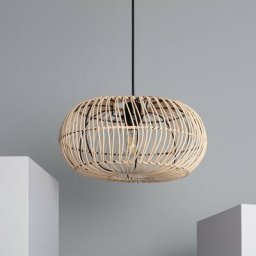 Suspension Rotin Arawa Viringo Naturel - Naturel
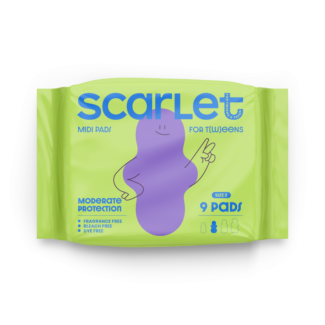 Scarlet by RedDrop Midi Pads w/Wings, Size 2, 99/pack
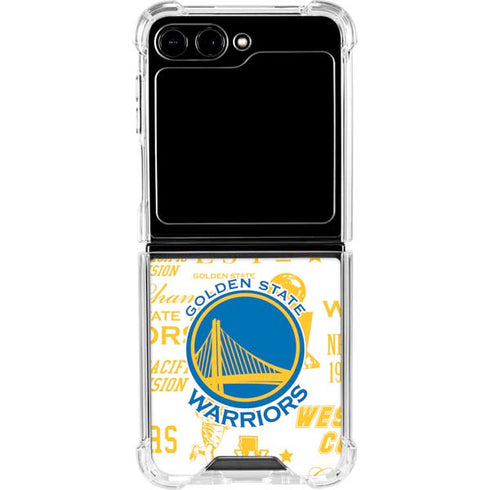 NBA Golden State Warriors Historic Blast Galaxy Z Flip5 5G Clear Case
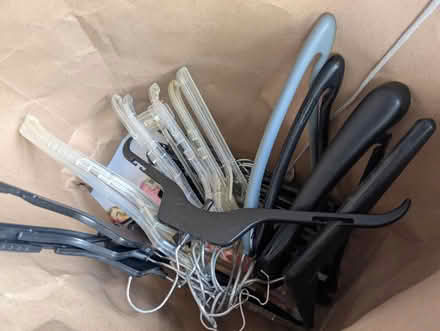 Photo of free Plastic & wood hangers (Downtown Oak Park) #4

====

## Work instructions
Write out the data word for word. Any picture is to be skipped.

## Output of the task
 Suspension Rotin Arawa Viringo Naturel - Naturel
 Scarlet by RedDrop Midi Pads w/Wings, Size 2, 99/pack
 NBA Golden State Warriors Historic Blast Galaxy Z Flip5 5G Clear Case
 Photo of free Plastic & wood hangers (Downtown Oak Park) #4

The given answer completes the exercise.